My query is this. Could the 7.65 x 53mm bullets used in the M1903 (I think) rifles also be used in the Maxims used by the Turks in Gallipoli in 1915?

John
bob lembke
QUOTE (Thales @ May 26 2009, 07:13 AM) *
I was tempted to post this on the Hotchkiss thread as it had attracted the attention of the experts, but decided to play the game and open a new thread.

My query is this. Could the 7.65 x 53mm bullets used in the M1903 (I think) rifles also be used in the Maxims used by the Turks in Gallipoli in 1915?

John


John;

I am not a weapons expert; I am assuming that by "M1903" you mean an export model of Mauser. Correct? I have read most of the available memoirs of German and Austrian officers and advisors, and one mentioned that the Turks were using 16 different models of infantry rifles. Additionally, the few Turkish MGs came from a variety of sources, but I think were mostly Maxims. I have read that in 1906 or 1908 the entire Turkish Army bought a total of 6 or 8 MGs, Maxims. (Were Maxims ever chambered for the 7.65 x 53 mm round?) Additionally, the Turkish Army lost a great deal of their equipment in the disasterous Balkan Wars. Germany was able to sneak some MGs to Turkey thru Romania before the Gallipoli attack by encasing them in concrete to form a block of concrete and labeling them concrete blocks intended for the construction of the Istanbul-Bagdad railroad. Additionally, the German naval MG teams formed by the crews of the Goeben and Breslau had a limited number of MGs which I assume they had in the armories aboard the war-ships, but they also were in short supply. At one time at Gallipoli a German naval MG detachment lost most of their guns in a British attack, but then in a counterattack the Turks captured 13 Vickers MGs and ammo and turned them over to the German sailors, who were extremely pleased to receive them and get back into action.
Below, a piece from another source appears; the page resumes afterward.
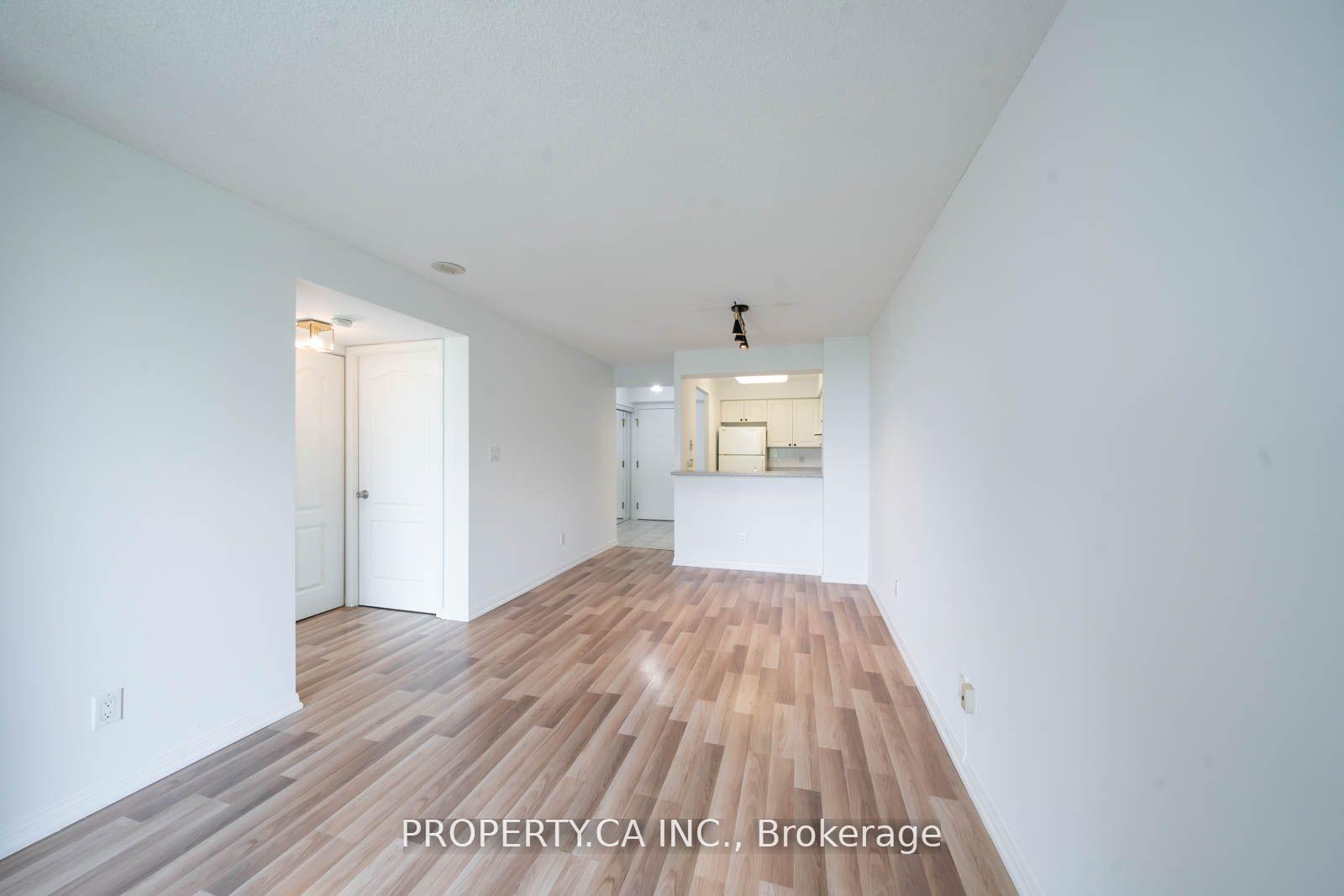 Photo 4 of Unit 603, 398 Eglinton Avenue E, Toronto, Mount Pleasant East — HOMEH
I think that the Maxim MG 08 and the Vickers were really much the same weapon.

In short, the Turks were using a large variety of rifles, and there must have been some variety in their MGs as well.

So clearly there was quite a problem supplying a large variety of types of small arms ammunition for the Turkish forces, especially since the land route between Germany/Austria and Turkey was tightly constricted and then cut entirely for a good while. The entire complex story of the German/Turkish efforts to supply the Turks with ammo during this period, especially for their large variety of often very old artillery, is quite interesting. A German naval officer, a Captain Pieper, had been court-martialed and was about to be sent to fortress confinement, but was allowed to go to Turkey to assist in the defense of the Straits as an artillery expert. But some officers baulked at serving with a disgraced officer, and instead he was given the job to try to improve the Turkish production of artillery and small arms ammunition. With the assistance of over 1000 German workers and experts, they were able to manufacture a large amount of quite satisfactory small arms ammo, and also less satisfactory artillery ammo for all but the largest guns. These shells generally fired, but seemingly only infrequently exploded at the other end, and often was not very dangerous at the other end, even when they exploded, and German officers stated that they often were fired mostly for the morale of the Turkish infantry. At the end of the battle the Kaiser commuted Captain Pieper's fortress sentence for his exceptional service in Turkey.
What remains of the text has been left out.